Many times I’ve gone to Microsoft’s Connect Feedback site to report bugs about Visual Studio or SQL Server, only to find that the issue was already reported and a MS rep closed the issue due to inability to reproduce the issue. This is absurd! The fact that there are no detailed application logs that gives MS everything they need to know to determine the cause of an issue is inexcusable. They miss countless opportunities to improve their products, and it can be very discouraging for users who went through the effort to provide detailed bug reports.
When deploying solutions to a large number of users I found it to be critical that I have detailed logging for applications and installers. I worked out a system of logging for our .NET applications using log4net which allows for both rolling log files and limiting the space the log files occupy.
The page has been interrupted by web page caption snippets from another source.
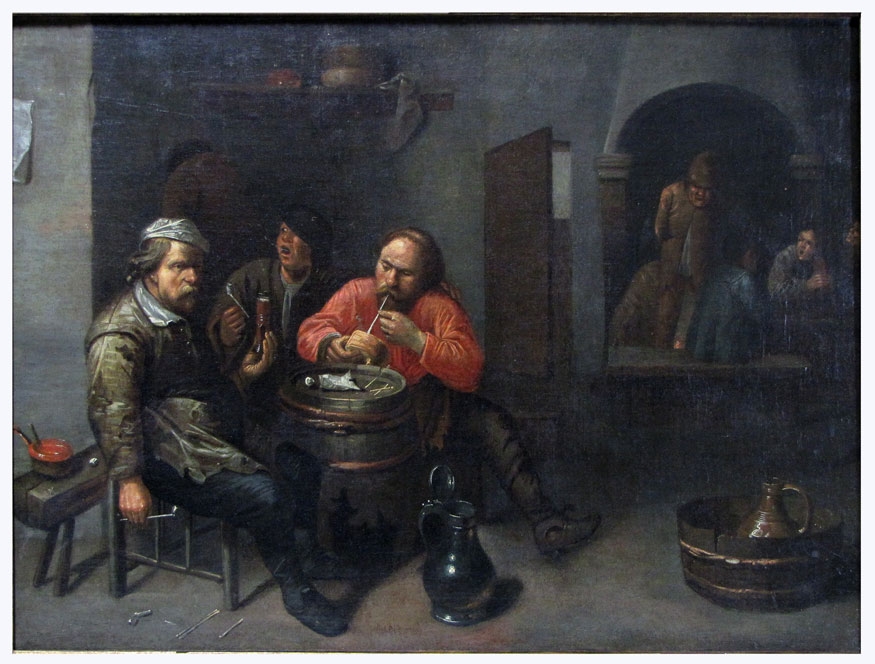 Tavern Scene with Men Smoking by Dutch School, 17th Century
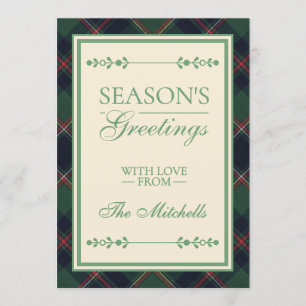 Personalised Classic Dark Blue Red Green Plaid Holiday Card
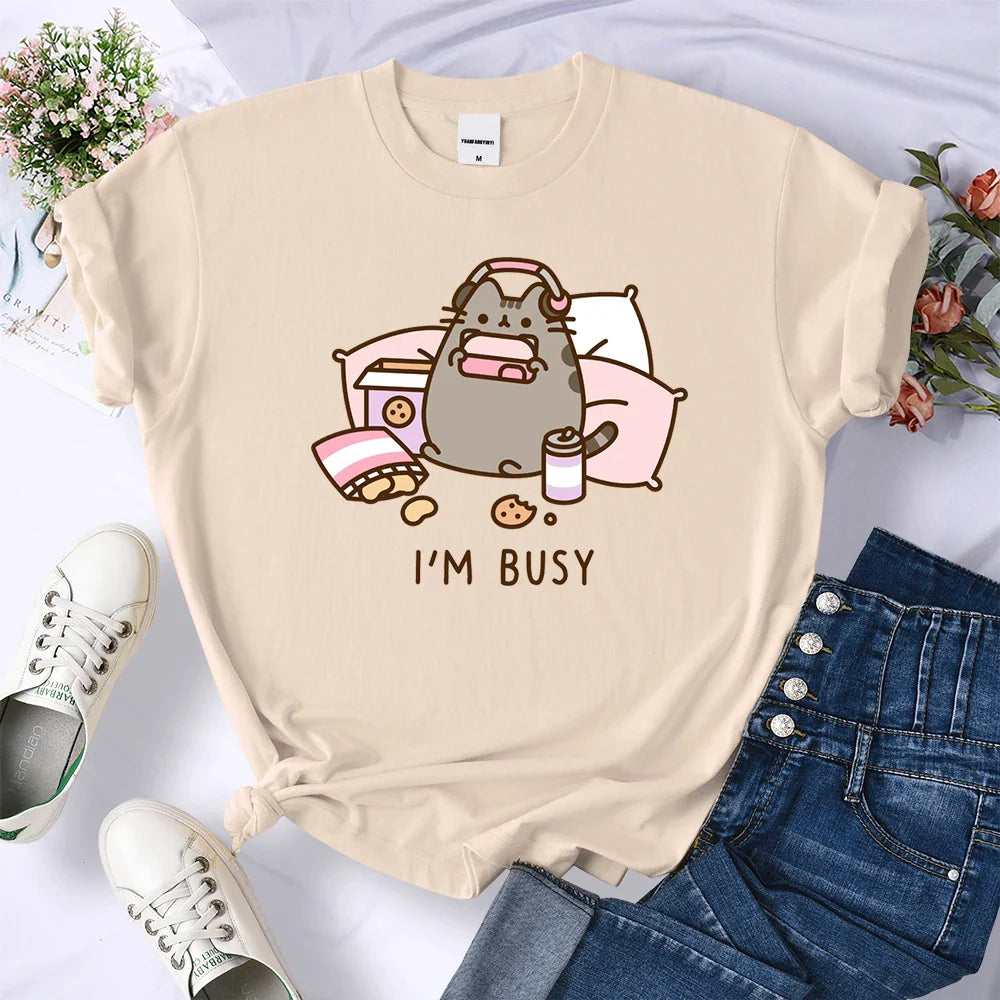 Sorry I'm Busy Cat Playing Games With Headphones Oversized Summer T-Shirt for Women Casual Streetwear Soft Cotton Tee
It can also be configured at runtime to turn off or on logging, so that performance critical applications can run without the logging. For our installers we used the special logging build of NSIS along with some additional functions to support logging.
There were many occasions we were able to determine the cause of incidental or hard to reproduce issues by looking at these logs. In situations where the developer/tester does not have access to the user’s machine, being able to determine almost everything you need to know from the log, provided by the user, is invaluable. It also clears up the sometimes vague description of the problem and steps provided by the user. You can see exactly what the user was doing leading up to the issue. There were even times that even with the logs, we could not reproduce because of the user’s unique setup, but we were able to determine why it was occurring, fix the issue, and then send the fix to the user for them to verify that it did indeed fix the issue. How awesome is that?
If you ever hear yourself telling a user “I was unable to reproduce your issue”, then your product is to blame. This is not roulette, these are fully deterministic computers (the random numbers are not even really random). So don’t act like it is just bad luck or misfortune on the user’s part. It is your application’s design and lack of adequate feedback and logging that have failed. Logging is one of the easiest things to implement. So stop making excuses and start logging.